The WGAN stacks the generator and the critic. The critic's training is turned off, as it is done with a 5:1 ratio per step, dividing the batches per epoch for both critic and generator. The critic effectively trains 5 times more than the generator, to give it a more robust discriminant function, while the generator trains in the iteration, and is trained equally through the WGAN.
Keep in mind that the WGAN model has a 5:1 ratio between critic training and generator training. This parameter can be tuned, but papers recommend this ratio.
The paper is available here(https://arxiv.org/abs/1701.07875)
The pros for considering this model are: . 150 epochs yield some reasonably good results . The network is scalable
Some of the cons from experiencing this model are: . loss gives no pertinent information about the quality of the generated image, so considering the distance of 2 distributions has no relevance and may require an extra function such as using critical t value from the differentiation of distributions. . The model is very sensitive to hyper-parameters . In terms of real applications, this is not as useful as an image to image generation model such as the cycle GAN or the style GAN.
This code depends on the Celeba-dataset available here(http://mmlab.ie.cuhk.edu.hk/projects/CelebA.html). Once downloaded, place in the root directory under "./celeba-dataset"
note: you will need to login first, and download the set using an auth key. Also, this data set is large (over 1.5 gb), so make sure to start with smaller numbers of samples if you are on single CPU setups or have restricted memory space access on your server.
note II: This setup was made particularly for the celeba dataset, however replacing the default path argument in load_images() will take any image directory for pre-processing.
The python dependencies are:
- tensorflow and keras
- numpy and scipy
- opencv-python
- pydub and pyttsx3 (if you intend to use the sonify.py tools)

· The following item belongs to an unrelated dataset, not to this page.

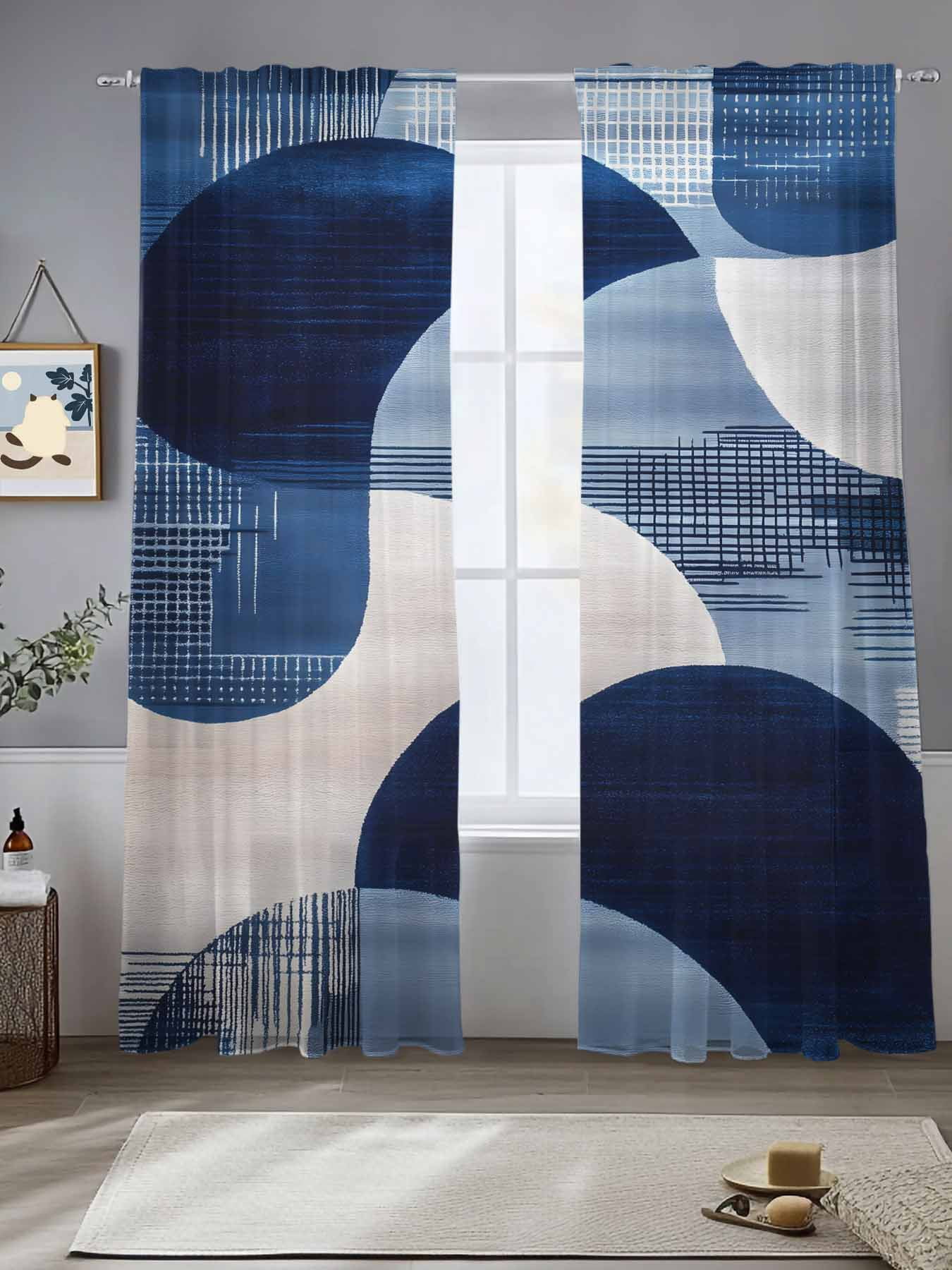 Blue Geometric Sheer Curtains for Living Room Bedroom Vintage White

You can run the ./dependencies.sh script to pip install the required modules
Currently, the defaults are: n_samples = 3000 randomised images from the celeba data-set n_epochs = 150 (usually some good definition can be seen at this point) the random uniform initialisation of the kernel for both critic and generator are set to a standard deviation of 0.2 batchNormalisation has a value of 0.2 The learning rate is set to 0.00005 The laten space vector is set to 100
#Output
The completed training will result in several outputs: . the images directory with generated intermittent color images . the metrics.csv output . A plot of the loss for critic and WGAN
##Optional
Once the training is completed, you can run sonify.sh to run a sonification of the generated images to run some overall sound based debugging of the images. Not sure if this is useful outside the scope of blind users, but something that is available.
#Discussion
the expansion of the generator uses upsampling and convolution layers back to back in order to increase the feature space of the image, and allow the generator to be more "creative". perhaps some expansions on individual channels of this could give some useful results. This can be seen on the EfficientNet architecture here(https://arxiv.org/abs/1905.11946), where an expansion/squeeze phase runs separate feature convolution on the RGB channels separately before merging them back before the fully connected layer.
There are discussions about the initial latent space, which could be augmented by giving an initial color direction, feature galvanisation and placement of the for the model to be coaxed by user preferences.
Also, the addition of an alpha channel might make such a WGAN more applicable to innovation, such as allowing dynamic insertions of various objects in 2D web spaces or 3D spaces, or mixed media to include various quickly generated sprites/labels/diagram objects that are relative to a given topic.